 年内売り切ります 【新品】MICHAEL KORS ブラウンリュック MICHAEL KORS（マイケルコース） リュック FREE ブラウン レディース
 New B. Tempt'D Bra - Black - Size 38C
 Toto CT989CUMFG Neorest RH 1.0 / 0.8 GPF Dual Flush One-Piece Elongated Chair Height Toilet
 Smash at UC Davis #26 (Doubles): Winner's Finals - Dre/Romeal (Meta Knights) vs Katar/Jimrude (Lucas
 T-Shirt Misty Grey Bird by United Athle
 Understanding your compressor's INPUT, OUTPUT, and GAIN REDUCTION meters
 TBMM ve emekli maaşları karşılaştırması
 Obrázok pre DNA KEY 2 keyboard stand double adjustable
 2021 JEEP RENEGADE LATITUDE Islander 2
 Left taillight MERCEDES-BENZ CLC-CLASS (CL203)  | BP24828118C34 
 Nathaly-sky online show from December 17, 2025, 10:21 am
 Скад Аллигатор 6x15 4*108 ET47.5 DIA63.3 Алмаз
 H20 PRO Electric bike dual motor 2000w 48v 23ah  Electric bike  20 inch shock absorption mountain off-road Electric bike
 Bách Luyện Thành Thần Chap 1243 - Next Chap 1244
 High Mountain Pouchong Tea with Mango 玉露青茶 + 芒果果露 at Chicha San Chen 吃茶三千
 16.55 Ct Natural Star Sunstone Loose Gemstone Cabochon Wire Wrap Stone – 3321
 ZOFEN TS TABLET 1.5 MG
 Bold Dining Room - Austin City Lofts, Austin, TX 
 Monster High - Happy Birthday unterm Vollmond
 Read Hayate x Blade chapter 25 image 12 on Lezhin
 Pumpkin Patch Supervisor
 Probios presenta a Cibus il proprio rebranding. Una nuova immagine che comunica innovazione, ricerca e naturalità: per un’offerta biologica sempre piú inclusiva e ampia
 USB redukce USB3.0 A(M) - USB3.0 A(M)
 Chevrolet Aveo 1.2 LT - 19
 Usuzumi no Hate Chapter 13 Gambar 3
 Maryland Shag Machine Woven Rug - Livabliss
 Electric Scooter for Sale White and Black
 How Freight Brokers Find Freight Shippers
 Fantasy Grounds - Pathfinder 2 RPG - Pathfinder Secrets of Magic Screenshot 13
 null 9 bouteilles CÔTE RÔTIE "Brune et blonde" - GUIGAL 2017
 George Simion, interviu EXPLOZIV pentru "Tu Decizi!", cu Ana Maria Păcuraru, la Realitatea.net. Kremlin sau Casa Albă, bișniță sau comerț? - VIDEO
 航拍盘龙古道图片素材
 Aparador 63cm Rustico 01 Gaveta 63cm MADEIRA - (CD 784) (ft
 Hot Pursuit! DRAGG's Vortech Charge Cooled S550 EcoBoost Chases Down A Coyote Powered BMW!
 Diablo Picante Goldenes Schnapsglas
++++++
PROBLEM TO WORK ON »
What must be transcribed is the run of lines from the one containing "Chevrolet Aveo 1.2 LT - 19" to the last line of the data above, inclusive, and only that.

REPLY TO THE TASK »
 Chevrolet Aveo 1.2 LT - 19
 Usuzumi no Hate Chapter 13 Gambar 3
 Maryland Shag Machine Woven Rug - Livabliss
 Electric Scooter for Sale White and Black
 How Freight Brokers Find Freight Shippers
 Fantasy Grounds - Pathfinder 2 RPG - Pathfinder Secrets of Magic Screenshot 13
 null 9 bouteilles CÔTE RÔTIE "Brune et blonde" - GUIGAL 2017
 George Simion, interviu EXPLOZIV pentru "Tu Decizi!", cu Ana Maria Păcuraru, la Realitatea.net. Kremlin sau Casa Albă, bișniță sau comerț? - VIDEO
 航拍盘龙古道图片素材
 Aparador 63cm Rustico 01 Gaveta 63cm MADEIRA - (CD 784) (ft
 Hot Pursuit! DRAGG's Vortech Charge Cooled S550 EcoBoost Chases Down A Coyote Powered BMW!
 Diablo Picante Goldenes Schnapsglas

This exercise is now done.